Tags: yoda


Passion List and Yoda-Speak

After learning all the hiragana, Koichi encouraged me to pick my passion. This should be something I enjoy a lot. Well, my passion is pool, so I picked that. Then, he said to make a list of 20 things having to do with that passion. So I did. Then, he said, here's an online English-Japanese dictionary; go find the Japanese for those words! This will help with your hiragana. Well, I started looking them up, as suggested, and comparing Google image searches to make sure I had the right words, but they tended to be in katakana, the other "alphabet."
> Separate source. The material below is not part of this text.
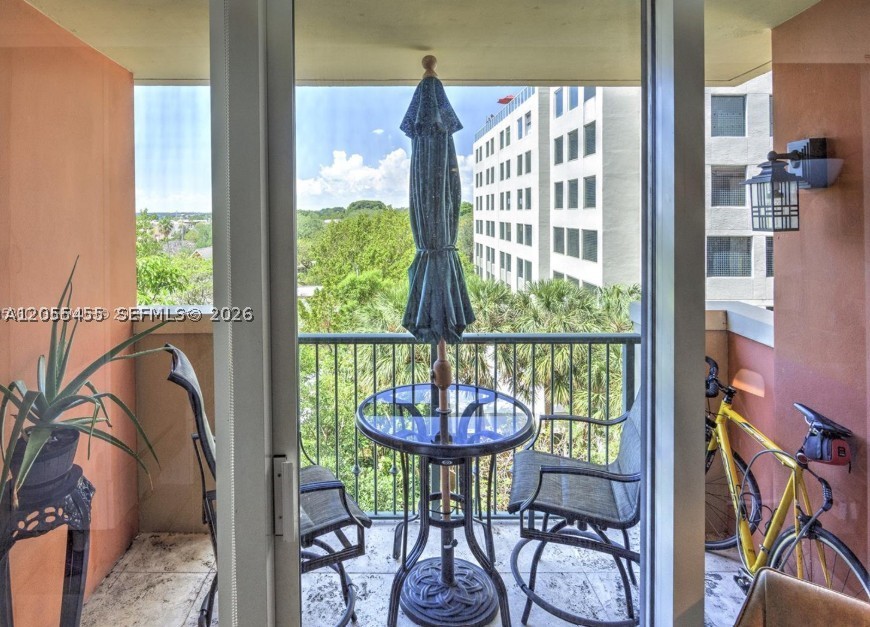 2951 S Bayshore Dr #712, Miami FL 33133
I wondered how I could make my looking these up easier. So I found the entry for Pool (cue-sports) on Wikipedia, clicked on the Japanese version of the page, and then did a side-by-side comparison of that with a Google translate version of the same page. It turns out every single one of the terms I'd written down have katakana counterparts. None of them were hiragana. :\ Pretty much every one is a transliteration of the English term. Pool is ビリヤード (biriyaado, billards). Even ball and table are ボール (booru) and テーブル (teeburu). So not much help on the hiragana there, but I was pretty comfortable with them anyway. I do get a lot of good practice with katakana out of this, though.

So, once that list was completed, he had me create an Anki deck for that. Anki is a seriously excellent flash card program. It lets you decide how well you did on each card, and will bring them up after a certain amount of time depending on how you rated yourself. He uses this a lot for learning radicals and kanji and so on. I'm actually using it to refresh my knowledge of state capitals and the order of the Presidents, which will come in handy when I get on Jeopardy!

Next, I got to make my first sentence under Koichi's tutelage! First, he talks about Yoda for a long time. Er, about Yoda he talks... It was pretty entertaining, but with a serious point. For a lot of basic sentences in Japanese, the word order is much like the way Yoda speaks. Always he verbs at end is putting. This is shown in probably the most simple sentence one can make in the language.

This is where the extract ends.